Sorry wegen gestern. Es waren wohl die vielen kleinen Biere, dass ich am Tresen auf die falsche Seite gekippt bin. Ich darf dir aber versichern, dass dieser zufällig weibliche Tresenanbau nicht mal im zu kurz geratenem Ansatz mein Fall gewesen wäre. In einem Männerleben - das kannst du natürlich nicht nachvollziehen - fällt man in vielerlei Schößchen ohne gleich bei allen hängenzubleiben. Ich bin einfach am falschen Ort eingeschlafen. Das kann man jemandem doch nicht zum Vorwurf machen. Auf Strassengräben warst du bisher auch nicht eifersüchtig. Ich liebe dich Schatz und hab uns vorsorglich für heute abend gleich mal zwei Kästen mit Muskelkraft ins Haus geschleppt.

Also husch husch zum Kasten und zwei handwarme Halbe zwischen die Kiemen, sonst kann ich am Telefon nicht anders als leicht mürrisch und verhalten mir sein Gewäsch anzuhören. Es interessiert mich nicht wirklich, was er so über sich und über sich zu erzählen hat. Zum Glück muss ich mich am Telefon aber auch nicht mit der Tatsache auseinandersetzen, dass er mich körperlich nicht wirklich anspricht. Er liebt mich und das reicht mir. Ach, was sag ich, er mag mich irgendwie, aber Hauptsache er will mich besitzen. Das geht für mich weit über die alltägliche Liebe hinaus. Männer lieben auch keine Autos um ihrer selbst Willen, sondern sie wollen sie besitzen. Ich fühl mich da im Moment wie ein Auto in der Werkstatt: wenn es nicht da ist, fehlt es am meisten.

Ich renne hinter meiner Vorhaut her wie ein gehirnamputierter Schwanz. Durch die Stadt kreuz und quer. Und such dich. Rein in jede Kneipe vor der sich Raucher drängen. Kneipe um Kneipe durch die Grosstadtviertel.
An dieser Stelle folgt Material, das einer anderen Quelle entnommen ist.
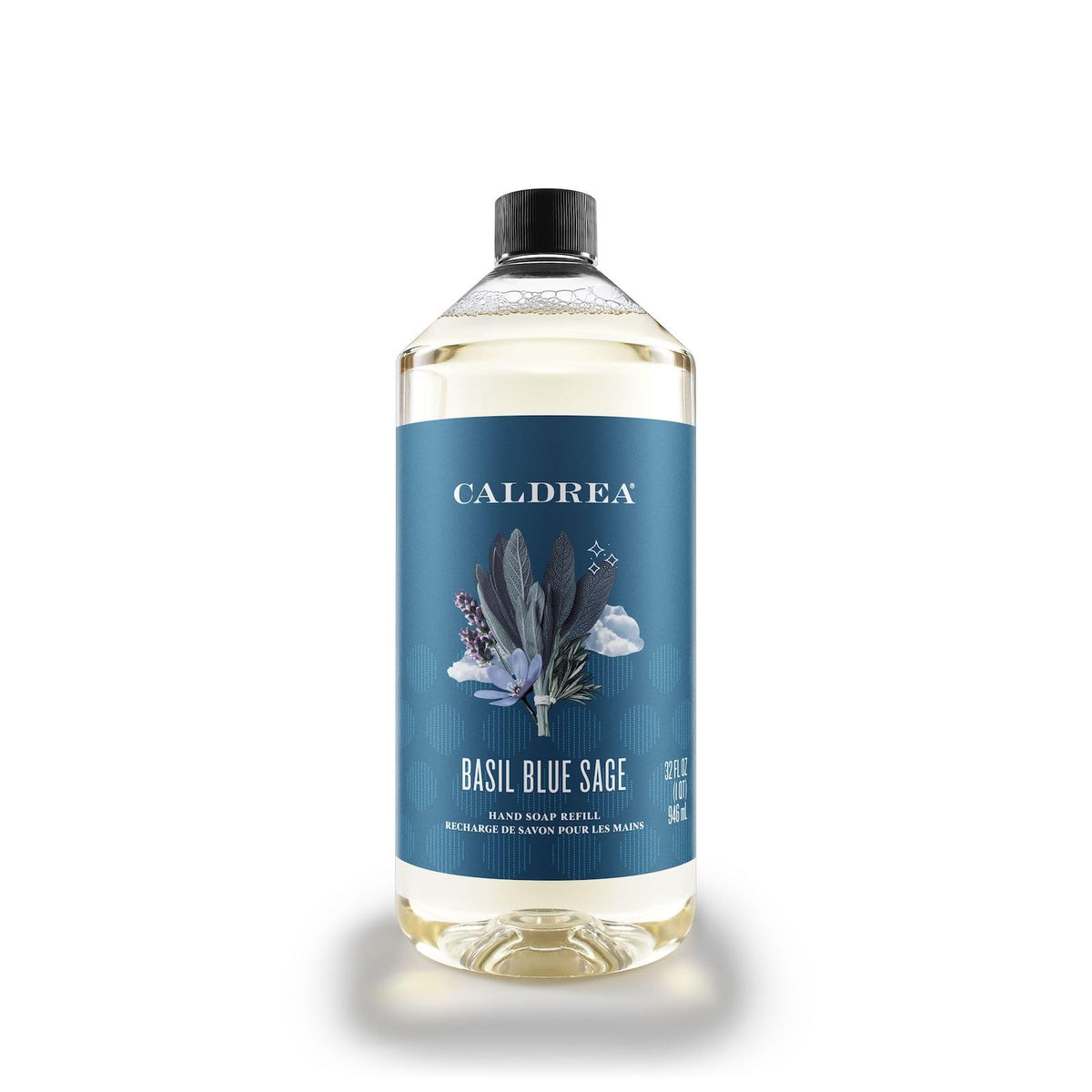Caldrea Basil Blue Sage label close-up showing premium branding and clean design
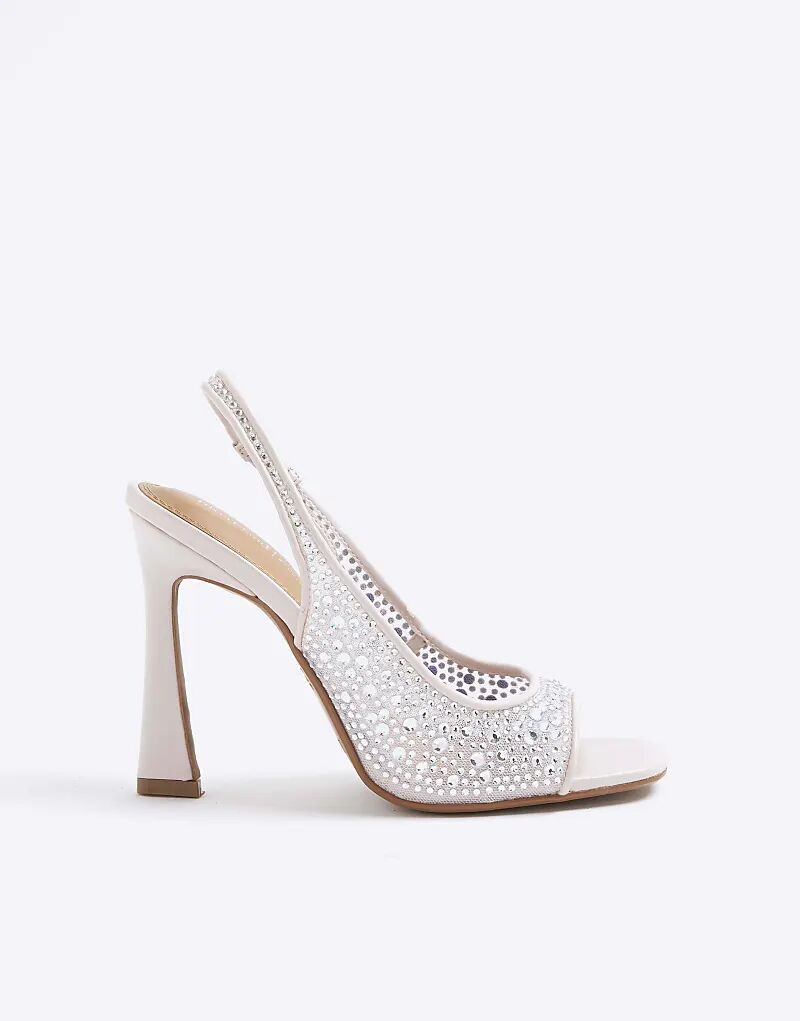 Босоножки River Island Diamante на сетчатом каблуке розового цвета - светло-розового цвета — фото 2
Und das alles nur für dich. Sag mal, kannst du dir nicht ne Stammkneipe zulegen wie das normale Menschen tun, dass man sie auch findet. Normale Menschen suchen in Kneipen auch Bier und nicht, wie ich Volltrottel, Dich. Ich liebe dich, Schatz. Aber du strapazierst meine vom Alkhol weichgewaschene Geduld.

Pressen, pressen. Zwei Halbe, dass er nicht denkt, ich wäre wegen einem anderen so nüchtern, dass er nicht das Gefühl bekommt, als wäre ein fremder Stecher zwischen mich und mein Bier gerutscht. Mit zwei Presshalben das Bild der klassischen Maria Becker nachzeichnen, so wie sie allseits rundum bekannt und mancherorts auch beliebt ist. Das gesunde Mass bei Affären wie der unseren ist, ihm immer ein Bier hinterher zu sein. Er immer voraus, aber ich immer in seiner Nähe. In seinem Windschatten trinken sozusagen. Obwohl ich guten Grund hätte, da auch mal rauszutreten, wie die mails und sms-Auszüge vielleicht zeigen.

Fick diich du Huer (Das war dann der Abend seiner Betriebsfeier. Ich vermute, nur versehentlich an mich geschickt. Aber schön, dass er mir das so offen schreibt. Die Kombi von Besoffenen und Kontaktlisten bringt mehr ans Licht als die NSA.)

Worte meines Liebhabers, der meine mails im Spamordner verwahrt. Ich könnte mir vorstellen, derzeit wegen dieser Huer.